Poetry, Wilson insists, is more relevant now than ever. “Just look at Instagram, which presents us with discrete lyrical moments, like snapshots, of a person’s life. It’s an easily digestible form. Flash Fiction and Nonfiction—these are narrative forms directly influenced by poetry.” It’s all around us, every day: compressed forms of linguistic expression that do the work of telling us a story—which, Wilson claims “is the principle shaper of human behavior.”
On Teaching Poetry
Every semester, two sections of Poetry classes are filled by Wilson and other TMCC faculty—one during traditional school hours, and the other at night. Students, he says, are hungry for it. “On the first day in the poetry classes I teach, I always conduct an informal survey, asking the students if they have any experience writing poetry—or doing any kind of creative writing at all. Usually two-thirds to three-quarters of students have never engaged in poetry—reading or writing it.” Despite this, the seats in poetry classes offered at TMCC are rarely empty.
Wilson brings his experience as a professional poet to bear on the academic practices in the classroom, which involve the revision process and working with criticism. “I have students draft four pages of free writing that they have to cut to create a 14-20 line poem. It forces them to go through the creative process—and teaches them that you don’t just sit down and write a poem. Ideally, you don’t even consider structural concerns like line breaks until 5-6 drafts in.”
Wilson also works with students on translating lived experience to the medium of language through concrete, sensory details. Language, which is abstract by its very nature, requires precision when relating the details of the past. Words typically taken for an adequate descriptor like “beautiful” or “delicious” fail to render a specific, crisp image in a reader’s mind. Wilson directs students to call things what they are: if you are describing a meadow, go directly to the texture, size and color of the grasses or the names of the wildflowers; if it’s breakfast, describe the sizzle of the bacon in the skillet.
Workshop sessions form the heart of a poetry class. “This is where you use the student’s words themselves to teach them different poetic techniques. Getting it down on the page transforms an abstract concept into something tangible, that they can actually see and work with,” said Wilson.
Revise Your Life
Wilson wasn’t always interested in poetry. Yet, due to a creative friend who was a musician, Wilson began writing lyrics to spoof popular songs in high school. “I kept these lyrics in a journal. This was about the time that my mom brought home a poetry collection by Gary Soto.

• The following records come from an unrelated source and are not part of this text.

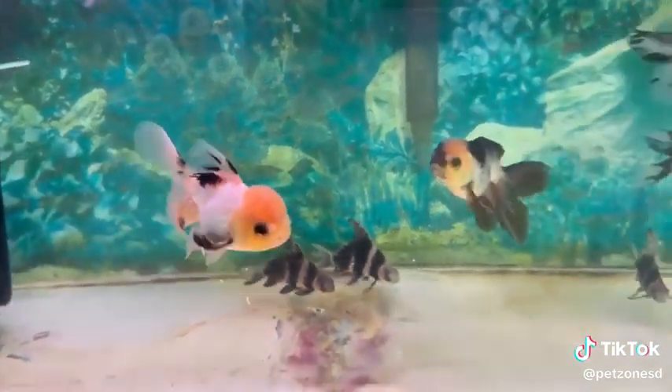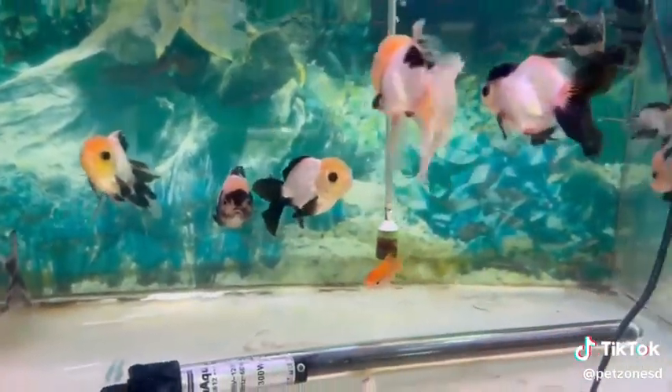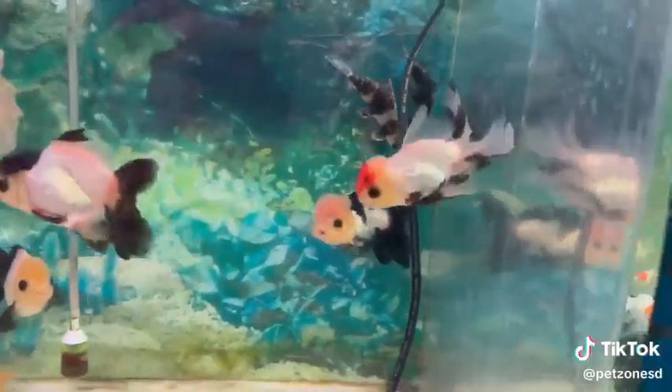They are very hardy fish with beautiful long flowing fins and are often kept outdoors in ponds, as they do well throughout the winter season. As you can see, we have them with some Chinese high fin loach.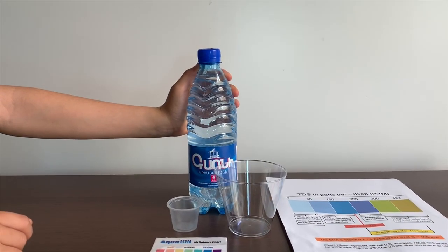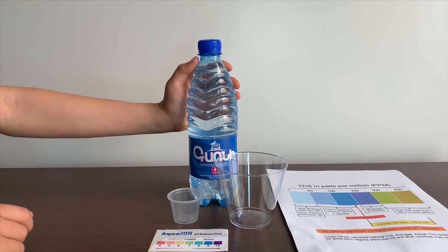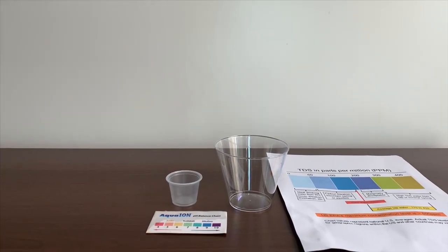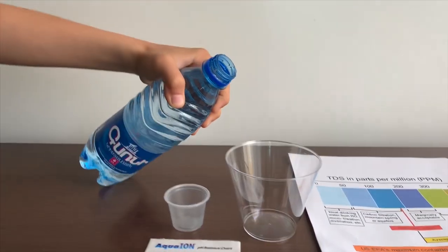This is Garnini's natural spring water. We got it from Armenia. Let's test the pH and TDS levels. Let's pour some water in.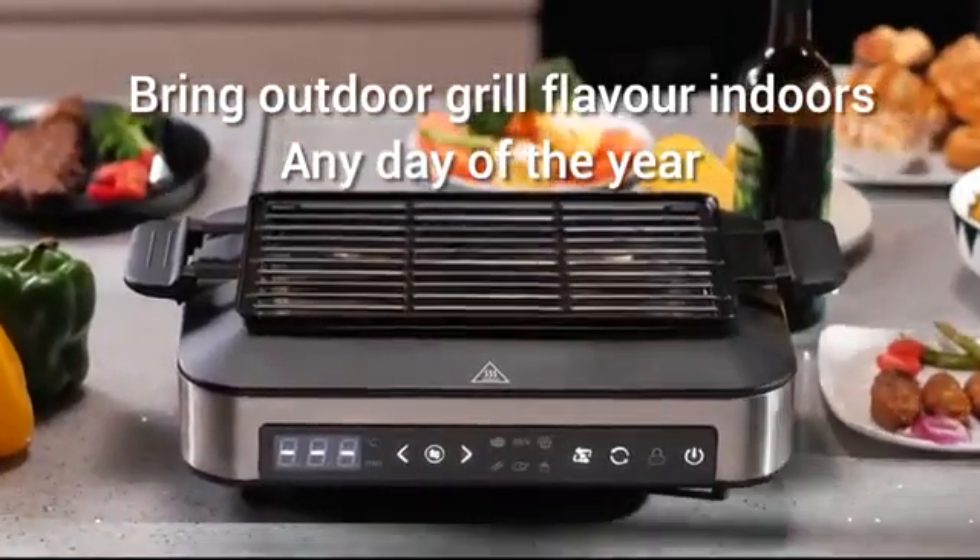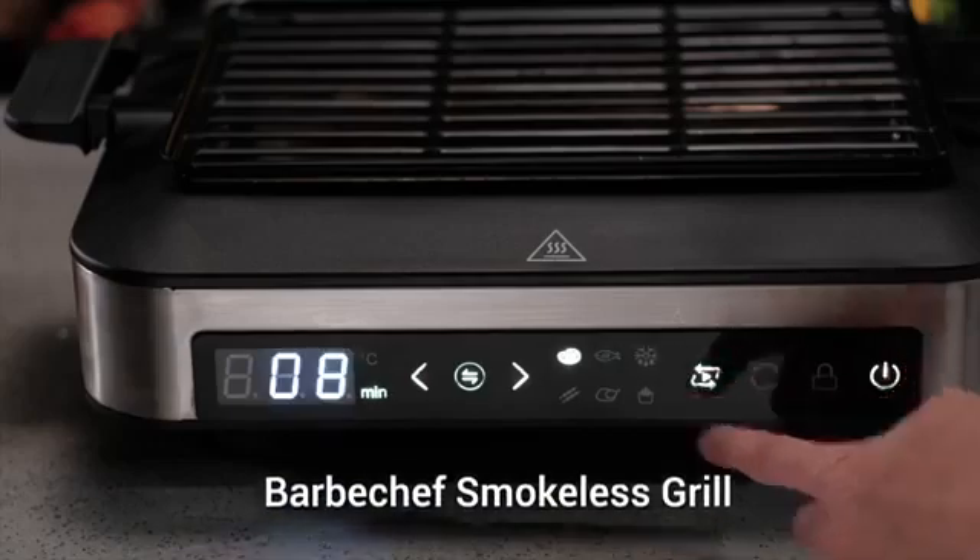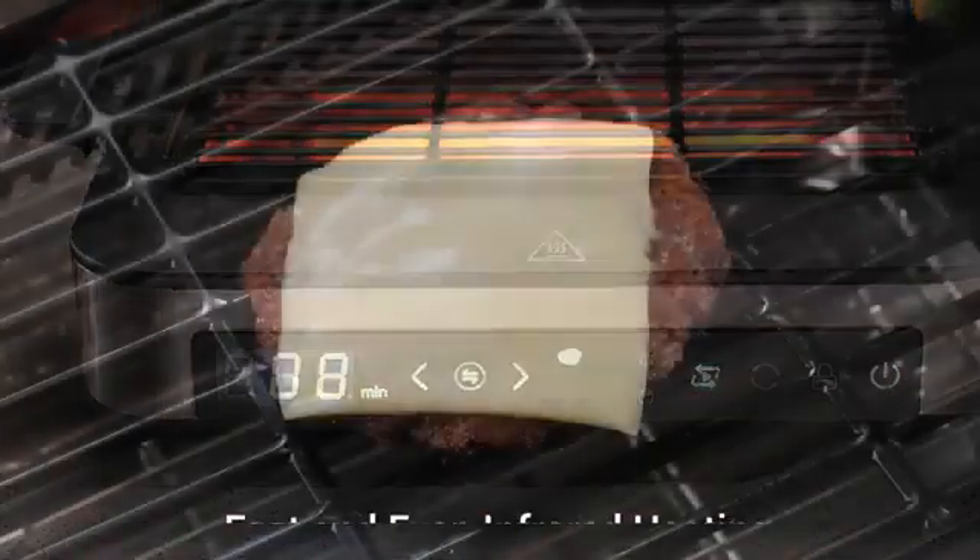BarbaChef indoor smokeless grill is designed to use 365 days a year. Rain or shine, easily cook smokeless, healthy barbecue as you wish.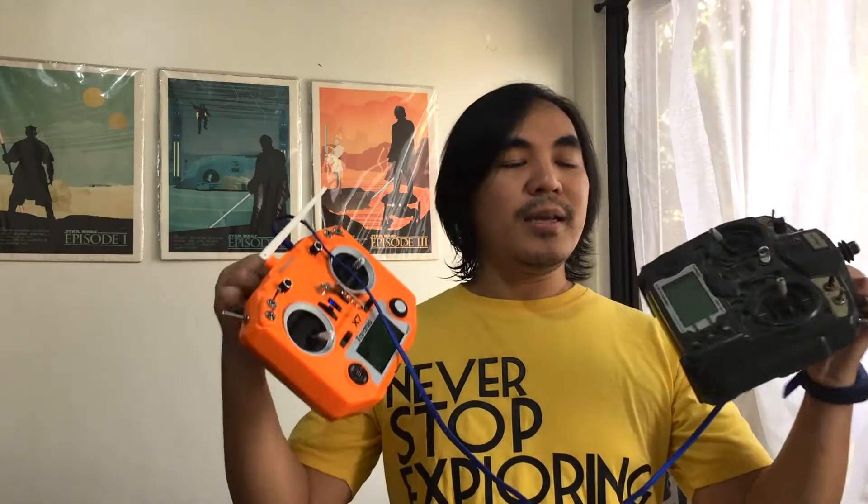Hey everyone, welcome back. If you're just learning how to fly mini quads or race quads, most people would recommend that you fly out with a buddy or with more experienced pilots. But sometimes it's just not enough to just watch them fly or just listen to pointers. Sometimes you really need to have that hands-on experience and get some stick time.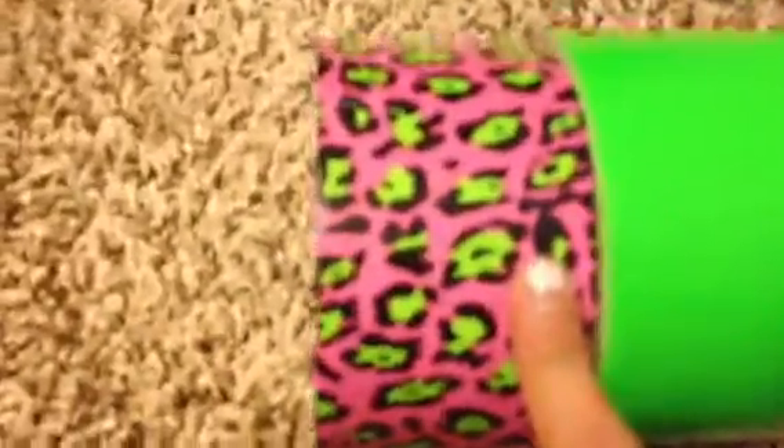Totally Tie Dye and purple. The pink and lime green leopard with lime green. Spongebob with electric blue. Cupcake and electric blue.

I was amazed that his work described the place where I grew up, and the people I knew. He wrote about the San Joaquin Valley with a multicultural and bilingual perspective. It was shocking to me then—subversive—that you could make that into art. That was when I began to be interested in contemporary, American poetry.”
Early in college, Wilson found other poets who spoke to him—Philip Levine, Donald Hall and Mekeel McBride—whose work addressed relatable issues using poetic forms that Wilson found—and finds—interesting.
These days, Wilson brings contemporary American poetry into the classroom, showing students examples of poets who grapple with similar issues they face. “Our student body comes from a diverse background, and some of our students have suffered and struggled. Poetry and memoir can help them to re-envision (revise) the meaning in their life,” Wilson said. “That is what revision is—you learn to see what has happened in your life differently.”
Inspiring Students to Write
Wilson, who has been the editor of TMCC’s Literary Journal, The Meadow, since 2006, sees poetry and nonfiction as vital for students who are working toward achieving their goals of bettering their lives through higher education. “Story is the principle shaper of human behavior,” he said. “Every student at TMCC has bought a story that if you work hard and get through college, your life will be better.”
By encouraging his students to write and revise poetry and essays based on their experiences, Wilson hopes that they learn not only the literary techniques to invite readers into their lives, but that they realize that their lives can be stories—that they matter.